* **WHAT YOU NEED TO DO**
Every line of the listing is returned unchanged, and every picture is dropped.

* **INPUT FOR THIS TASK**

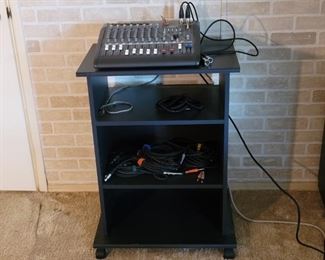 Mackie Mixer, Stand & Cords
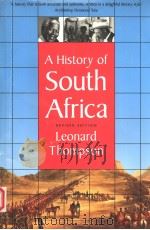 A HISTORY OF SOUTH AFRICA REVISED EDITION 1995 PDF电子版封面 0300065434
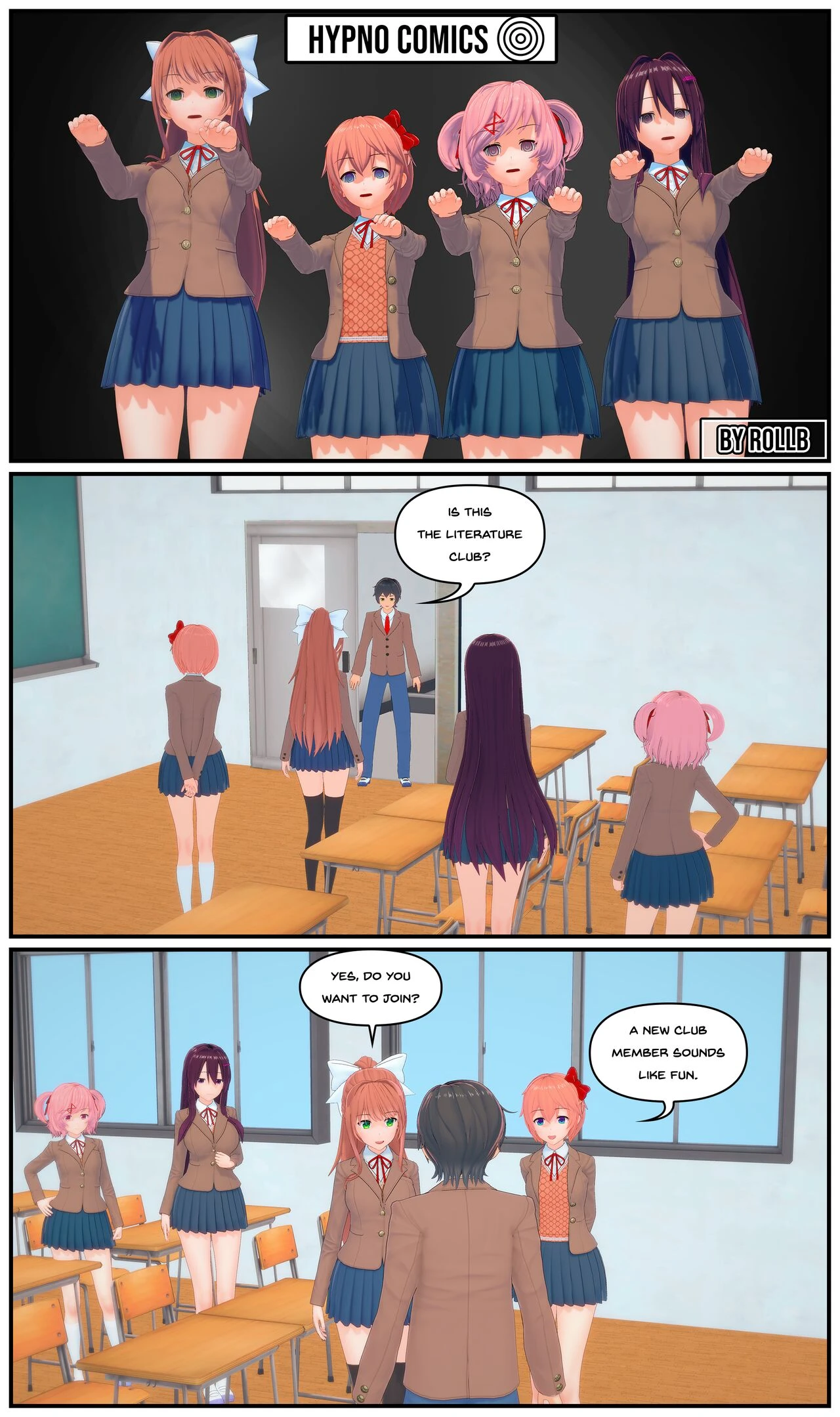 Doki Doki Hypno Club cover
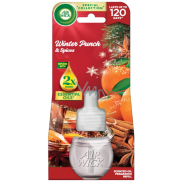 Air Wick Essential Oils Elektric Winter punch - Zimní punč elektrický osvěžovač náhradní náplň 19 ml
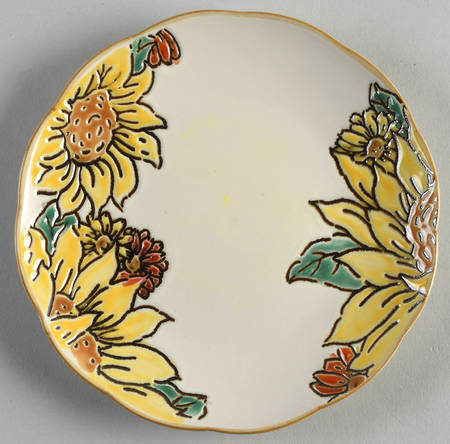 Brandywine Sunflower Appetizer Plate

* **RESPONSE**
 Mackie Mixer, Stand & Cords
 A HISTORY OF SOUTH AFRICA REVISED EDITION 1995 PDF电子版封面 0300065434
 Doki Doki Hypno Club cover
 Air Wick Essential Oils Elektric Winter punch - Zimní punč elektrický osvěžovač náhradní náplň 19 ml
 Brandywine Sunflower Appetizer Plate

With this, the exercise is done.